The initial public offering (IPO) comprises fresh issue of 15,827,495 equity shares and an offer-for-sale of up to 12,505 equity shares by selling shareholders, according to the draft red herring prospectus (DRHP).

The offer-for-sale consists of sale of up to 5,000 equity shares each by D Prem Palanivel and Priya Rajan, up to 1,000 equity shares by Prabhakar Mahadeo Bobde, up to 505 equity shares by Narasimhan Krishnamurthy and up to 500 equity shares each by M Malliga Rani and Subramanian Venkiteshwaran Iyer.

Augmenting tier-1 capital

The Tuticorin-based bank proposes to utilise the net proceeds from the fresh issue towards augmenting its tier–I capital base to meet its future capital requirements.

Tamilnad Mercantile Bank is one of the oldest private sector banks in the country with a history of almost 100 years.
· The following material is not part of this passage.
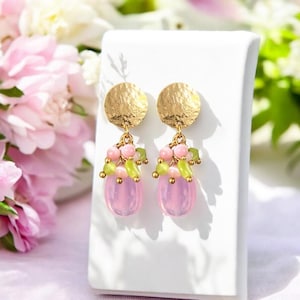 Glass pearl clip-on earrings, pink, white, red, green, gold plated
It offers a wide range of banking and financial services primarily to micro, small and medium enterprises (MSME), agricultural and retail customers.

As of June 30, 2021, the bank has 509 branches, of which 106 branches are in rural, 247 in semi-urban, 80 in urban and 76 in metropolitan centres.

As of June 30, 2021, it had a customer base of around 4.93 million of which 70 per cent comprised customers who were associated with the bank for more than five years.

Axis Capital, Motilal Oswal Investment Advisors and SBI Capital Markets are the book running lead managers to the public issue.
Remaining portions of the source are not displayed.